--- Activity ---
Go through the data below. Pull out every line that has the word "Booster".

--- Extracted information ---
····················
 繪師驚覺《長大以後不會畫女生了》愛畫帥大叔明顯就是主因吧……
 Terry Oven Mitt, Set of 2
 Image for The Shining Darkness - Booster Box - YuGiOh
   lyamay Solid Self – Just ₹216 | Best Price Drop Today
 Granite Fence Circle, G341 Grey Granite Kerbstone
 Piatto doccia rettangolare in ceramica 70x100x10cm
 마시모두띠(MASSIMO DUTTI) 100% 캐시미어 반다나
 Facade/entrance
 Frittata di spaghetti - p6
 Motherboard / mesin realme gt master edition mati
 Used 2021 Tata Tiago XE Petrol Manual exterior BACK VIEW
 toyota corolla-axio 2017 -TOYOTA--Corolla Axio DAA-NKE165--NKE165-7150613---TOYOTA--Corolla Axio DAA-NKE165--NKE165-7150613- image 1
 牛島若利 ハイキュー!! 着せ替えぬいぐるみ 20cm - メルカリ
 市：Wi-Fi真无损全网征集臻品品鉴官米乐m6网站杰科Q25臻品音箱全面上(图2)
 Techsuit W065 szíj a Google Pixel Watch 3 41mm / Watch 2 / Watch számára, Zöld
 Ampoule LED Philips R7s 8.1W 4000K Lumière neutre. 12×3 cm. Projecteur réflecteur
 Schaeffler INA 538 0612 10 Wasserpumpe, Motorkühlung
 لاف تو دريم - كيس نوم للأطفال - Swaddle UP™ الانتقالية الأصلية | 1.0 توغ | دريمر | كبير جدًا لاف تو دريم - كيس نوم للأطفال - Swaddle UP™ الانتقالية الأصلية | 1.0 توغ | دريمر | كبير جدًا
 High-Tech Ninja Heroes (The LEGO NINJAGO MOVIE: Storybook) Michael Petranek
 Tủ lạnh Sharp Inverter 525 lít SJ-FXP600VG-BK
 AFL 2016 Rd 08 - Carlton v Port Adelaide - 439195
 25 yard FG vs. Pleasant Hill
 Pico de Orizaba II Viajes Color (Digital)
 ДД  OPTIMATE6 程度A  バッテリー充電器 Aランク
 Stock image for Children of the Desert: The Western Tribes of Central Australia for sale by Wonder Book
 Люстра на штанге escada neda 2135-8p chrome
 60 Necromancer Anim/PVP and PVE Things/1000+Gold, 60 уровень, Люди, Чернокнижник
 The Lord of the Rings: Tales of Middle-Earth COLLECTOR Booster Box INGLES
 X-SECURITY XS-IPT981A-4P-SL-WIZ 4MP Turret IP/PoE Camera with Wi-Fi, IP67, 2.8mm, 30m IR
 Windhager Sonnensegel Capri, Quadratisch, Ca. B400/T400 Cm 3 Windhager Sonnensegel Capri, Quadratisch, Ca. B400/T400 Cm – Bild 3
····················
--- Reply ---
 Image for The Shining Darkness - Booster Box - YuGiOh
 The Lord of the Rings: Tales of Middle-Earth COLLECTOR Booster Box INGLES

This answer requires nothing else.